For both types of predictions, we used sklearns implementation of various novelty detection algorithms (an overview of these can be found here).

Architecture of ML based IDS

Attack Vectors:

To test our ML models, we generated attack vectors that replicate some well known network level attacks:

  • Port Scanning
  • Denial of Service (DOS)
  • Address Resolution Protocol (ARP) Poisoning
  • Replay Attacks

To generate out testbed, we systematically varied parameters in our attack generation scripts, so that different variations of the above mentioned attacks are generated.

We ran the Spire system, and launched these attacks, to test the performance of our ML models.The table summarized the number of attacks detected by each predictor and overall system for a total of 28 attacks.

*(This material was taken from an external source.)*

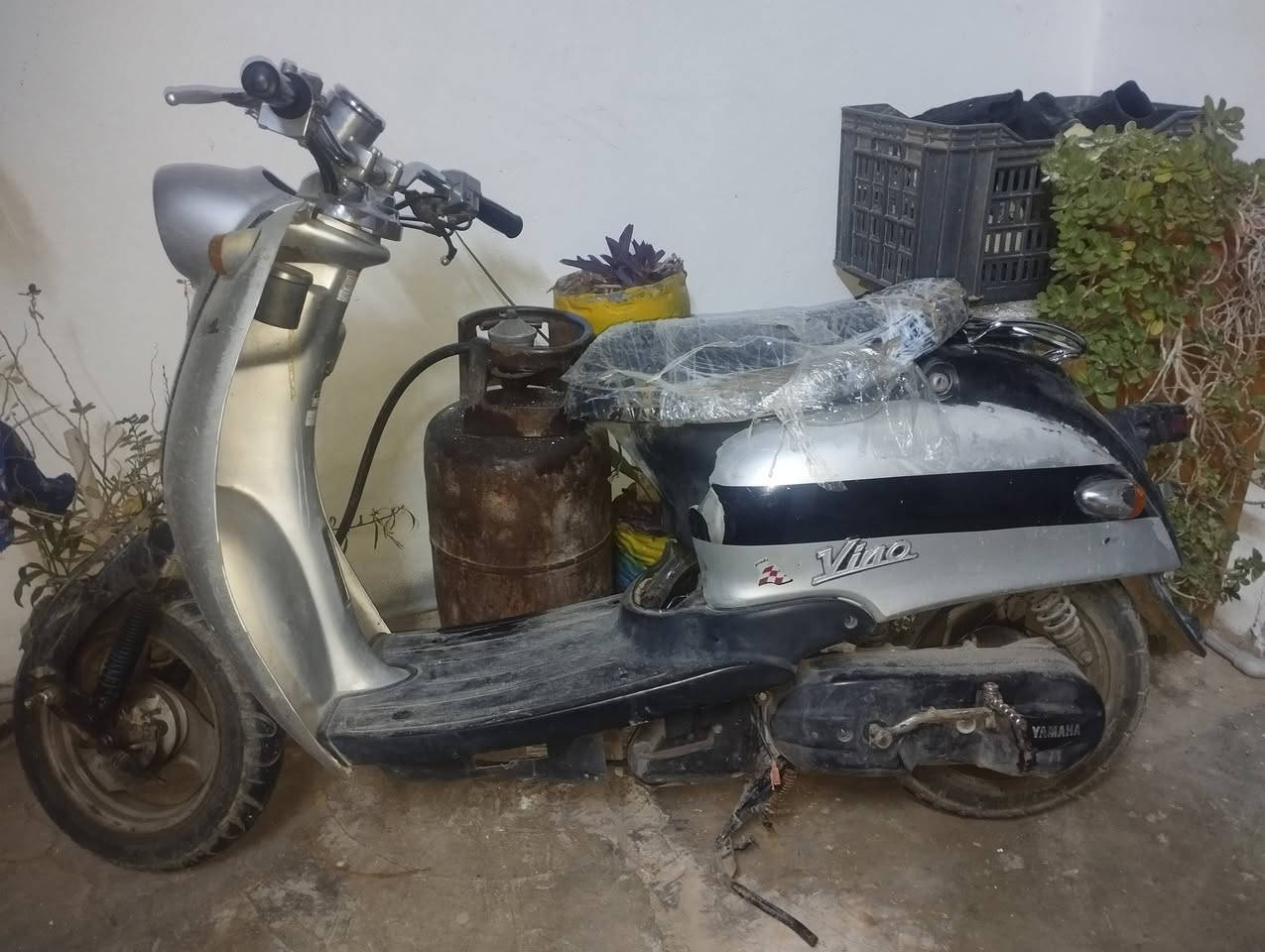 ماطور عبد الحليم للبيع الواني شورجه اي عيب ما بيها بس كابريتر شويه مو تمام وشرط المك وكفرات كله وياها وسعر 250 
*********** على واتساب خابرني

Packet Analysis Model || Traffic Pattern Model || Overall System ||
Accuracy 25/28(89.2%) 22/28(78.6%) 27/28(96.5%)

Demos:

In the videos below the top - right screen is output log of Traffic Pattern based Predictor which predicts the past minute's traffic as either normal or abnormal. The top-left screen is output log of Packet Analysis based predictor printing as soon as an attack packet is predicted. The bottom window is used to generate attacks.

Demo 1: Probing/ Scanning

The packets in such attack are low in volume but their headers vary as such attacks are intended to explore the system. In the video we generate random UDP packets mimicking the genuine IPs. The Packet Analysis based Predictor (top- left screen) immediately detects the packets and prints their summary. The Traffic Pattern based Predictor waits till the end of current interval (60 sec) to give summary stats of the abnormal traffic it has observed.

Demo 2: DoS

In this Denial of Service attack a plc is targeted. These packets headers may have some matching fields as good packets and are also generally high in volume (as the target is to exhaust resources). The Packet Analysis based Predictor detects these packets (highlighted in the video) along with Traffic Pattern based Predictor.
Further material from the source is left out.